Поежившись, Митрий решительно стянул с себя девичье платье и, кровяня плечи, ужом ввинтился в оконце. Голова прошла - уже хорошо! Значит, пройдет и все тело. Так, упереться руками… Еще, еще… Опа!!!
Вывалившись из окна, словно пробка из бочонка, отрок рухнул на мокрую землю. Конечно же - прямо в лужу! Тут же вскочил, прислушался, осмотрелся. По голым плечам туго молотил дождь. Эх, одежку-то не прихватил, хотя б и девичью. Куда теперь голым? Да вот хотя б под крыльцо - эвон, в хозяйской светлице огонек горит, видать, еще спать не ложился. Может, и во двор выйдет, со слугами переговорит? Или погасит огонь да уляжется - вот тогда можно и к Прошке в людскую пробраться и с той стороны горницы прийти, Василиску выпустить да одеться. Как раз до утра возни. Зря? Может, и зря… Только уж больно предчувствия были недобрыми. И постоялый двор этот странный, что бы там ни говорила Василиска, и хозяин странный, и слуги его. Ведь, окромя всего прочего, что будут на постоялом дворе у гостей расспрашивать? Кто, да откуда, да как живут, да какие новости - и это при том, что беглецы выдавали себя за местных… ну, или почти местных: паш-озерские селенья не так уж отсюда и далеко, всего-то два десятка верст, их обитателей хозяин двора обязательно знать должен, пусть даже и не накоротке, а потому - расспросить все сплетни, интересно же, любопытно! Да и что еще тут делать, в этакой-то дыре сидючи, как не сплетни сводить? Вот и расспросил бы, а уж Митяй загодя еще придумал, как половчее соврать - дескать, пришлые мы с погоста Тойвуйского, родичей на Паш-озере проведали и вот теперь - на богомолье. Неплохая придумка была, да вот только не пригодилась. Почему? Неужто не любопытно?
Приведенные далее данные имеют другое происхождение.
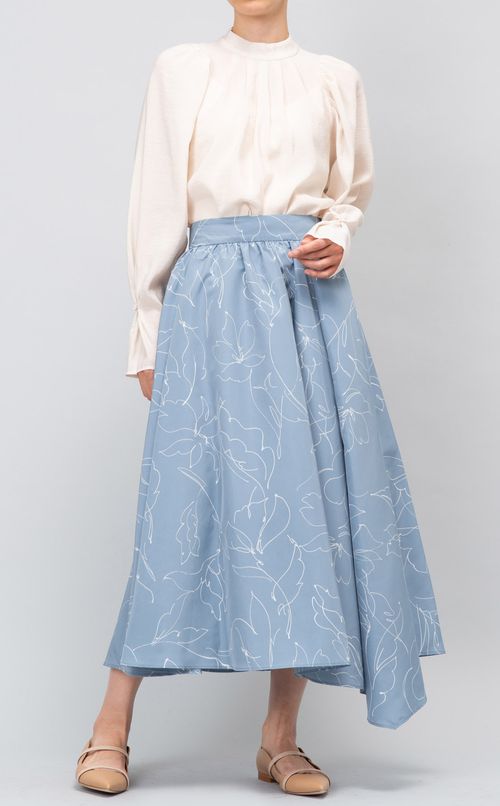 アシンメトリーフラワーモチーフスカート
Где-то рядом вдруг истошно залаял пес, до того лишь глухо ворчавший. Загремел цепью - хорошо хоть не так был выпущен бегать по двору, а то бы… Митька боязливо передернул плечами, покрывшимися «гусиной кожей». Хоть дождь и не доставал под крыльцо, но под ногами натекла уже целая лужа, холодная и грязная, не очень-то приятно было стоять, хотя куда приятнее, нежели если бы псина была отпущена бегать.
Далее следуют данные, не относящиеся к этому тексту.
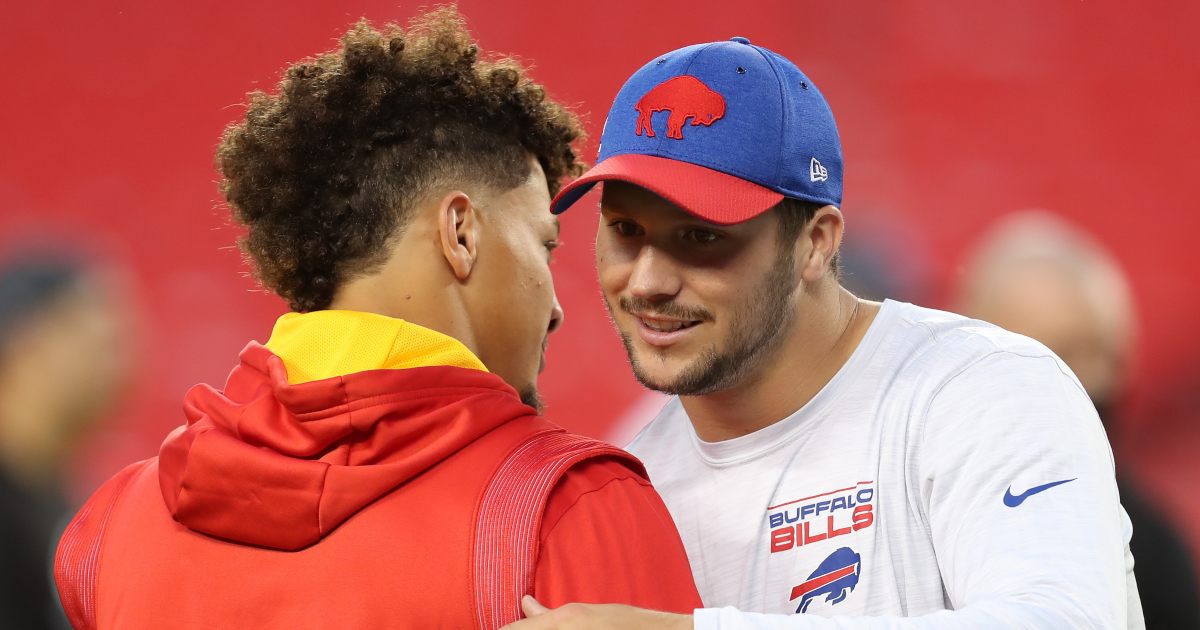 WATCH Patrick Mahomes saves Josh Allen with onehanded catch at golf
Наверху скрипнула дверь. Отрок затаил дыхание.
- Эй, Никодим, Васька! - послышался озабоченный голос хозяина. - Где вы запропастились, чтоб вам икалось, иродам! Никодим!
- Здесь мы, Демьяне Самсоныч, - прокричали в ответ откуда-то с заднего двора. Послышались торопливо приближающиеся шаги. - Здесь мы, амбары осматривали.
- Осматривали они, - глухо буркнул хозяин. - Сказали б лучше - господскую бражку пили.
- Как можно?
- Почто собачину не выпустили?
- Так, Демьяне Самсоныч, сам знаешь, кобель уж два дня не кормлен, как ты велел. А ну как на нас кинется?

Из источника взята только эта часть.